> Table of Contents > Shoulder Pain
Shoulder Pain
Daniel L. Jones, MD
J. Herbert Stevenson, MD
image BASICS
  • Shoulder pain is common and affects patients of all ages. Causes include acute trauma or overuse during sports and activities of everyday living.
  • Age plays an important role in determining the etiology of shoulder pain.
  • Onset and characteristics of pain, weakness, mechanism of injury, and functional limitation help guide an accurate diagnose.
  • Shoulder pain accounts for 16% of all musculoskeletal complaints.
  • The lifetime prevalence of shoulder pain is ˜70%.
  • Predominant etiology varies with age:
    • <30 years: shoulder instability
    • >30 years: rotator cuff (RTC) disorder
      • 30 to 50 years: tendinopathy
      • 40 to 60 years: partial tear
      • >60 years: full-thickness tear
    • >60 years: glenohumeral osteoarthritis (OA)

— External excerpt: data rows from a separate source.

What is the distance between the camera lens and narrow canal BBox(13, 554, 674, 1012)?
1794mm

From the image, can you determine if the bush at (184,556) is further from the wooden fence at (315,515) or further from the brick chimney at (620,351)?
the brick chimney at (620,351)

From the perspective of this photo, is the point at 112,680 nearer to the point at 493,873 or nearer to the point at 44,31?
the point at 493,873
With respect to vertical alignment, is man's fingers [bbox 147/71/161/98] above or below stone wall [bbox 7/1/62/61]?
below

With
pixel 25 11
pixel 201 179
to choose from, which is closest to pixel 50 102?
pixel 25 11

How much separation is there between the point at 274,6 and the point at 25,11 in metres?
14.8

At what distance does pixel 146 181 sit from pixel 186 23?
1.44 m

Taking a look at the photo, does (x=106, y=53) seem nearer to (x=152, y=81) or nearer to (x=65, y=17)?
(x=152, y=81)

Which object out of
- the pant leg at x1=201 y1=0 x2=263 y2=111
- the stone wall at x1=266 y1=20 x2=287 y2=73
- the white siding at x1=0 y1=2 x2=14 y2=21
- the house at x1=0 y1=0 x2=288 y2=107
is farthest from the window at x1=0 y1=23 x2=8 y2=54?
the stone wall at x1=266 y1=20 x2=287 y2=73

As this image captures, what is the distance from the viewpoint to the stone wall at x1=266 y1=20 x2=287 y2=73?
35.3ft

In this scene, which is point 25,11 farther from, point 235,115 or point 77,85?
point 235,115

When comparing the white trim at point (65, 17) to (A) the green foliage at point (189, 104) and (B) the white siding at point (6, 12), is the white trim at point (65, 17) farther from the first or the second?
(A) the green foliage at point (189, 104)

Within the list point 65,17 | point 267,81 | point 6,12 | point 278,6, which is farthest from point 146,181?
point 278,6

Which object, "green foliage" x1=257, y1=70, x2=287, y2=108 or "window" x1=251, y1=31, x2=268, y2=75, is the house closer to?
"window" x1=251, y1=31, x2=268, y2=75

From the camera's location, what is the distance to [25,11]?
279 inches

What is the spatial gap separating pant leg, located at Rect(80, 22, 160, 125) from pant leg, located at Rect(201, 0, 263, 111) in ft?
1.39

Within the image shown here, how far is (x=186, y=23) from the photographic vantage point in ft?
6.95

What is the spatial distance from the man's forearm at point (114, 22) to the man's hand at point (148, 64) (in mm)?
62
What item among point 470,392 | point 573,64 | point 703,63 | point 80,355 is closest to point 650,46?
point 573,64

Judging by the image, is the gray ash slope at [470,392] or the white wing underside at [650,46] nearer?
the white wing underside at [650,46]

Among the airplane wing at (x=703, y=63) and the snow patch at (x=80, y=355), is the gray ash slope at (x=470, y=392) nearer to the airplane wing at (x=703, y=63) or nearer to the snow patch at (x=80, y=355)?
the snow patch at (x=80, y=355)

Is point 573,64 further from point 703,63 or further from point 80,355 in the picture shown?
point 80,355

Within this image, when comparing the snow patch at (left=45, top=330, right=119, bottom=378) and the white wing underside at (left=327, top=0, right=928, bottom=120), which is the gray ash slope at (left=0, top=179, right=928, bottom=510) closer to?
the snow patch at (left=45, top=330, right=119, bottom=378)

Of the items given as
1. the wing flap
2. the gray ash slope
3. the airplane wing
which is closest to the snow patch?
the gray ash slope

The incidence of shoulder pain is 7 to 25 cases/1,000 patients, with a peak incidence in the 4th to 6th decades.
Pathology varies with cause:
  • Trauma (fracture, dislocation, ligament/tendon tear, acromioclavicular [AC] separation)
  • Overuse (RTC pathology, biceps tenosynovitis, bursitis, muscle strain, apophyseal injuries)
    • RTC disorders most commonly result from repetitive overhead activity, leading to RTC impingement with a 3 stage progression:
      • Stage I: tendinopathy
      • Stage II: partial RTC tear
      • Stage III: full-thickness RTC tear
    • Subacromial bursitis can occur with RTC disorders but is rarely an isolated diagnosis.
  • Age-related: AC and glenohumeral joint OA, adhesive capsulitis, RTC tear with increasing age; pediatric athletes instability and physeal injuries are more common.
  • Rheumatologic (rheumatoid arthritis, polymyalgia rheumatica, fibromyalgia)
  • Referred pain (neck, gallbladder)
  • Repetitive overhead activity
  • Overhead and upper extremity weight-bearing sports (baseball, softball, swimming, tennis, volleyball)
  • Weight lifting: AC disorders
  • Rapid increases in training frequency or load (often associated with improper technique)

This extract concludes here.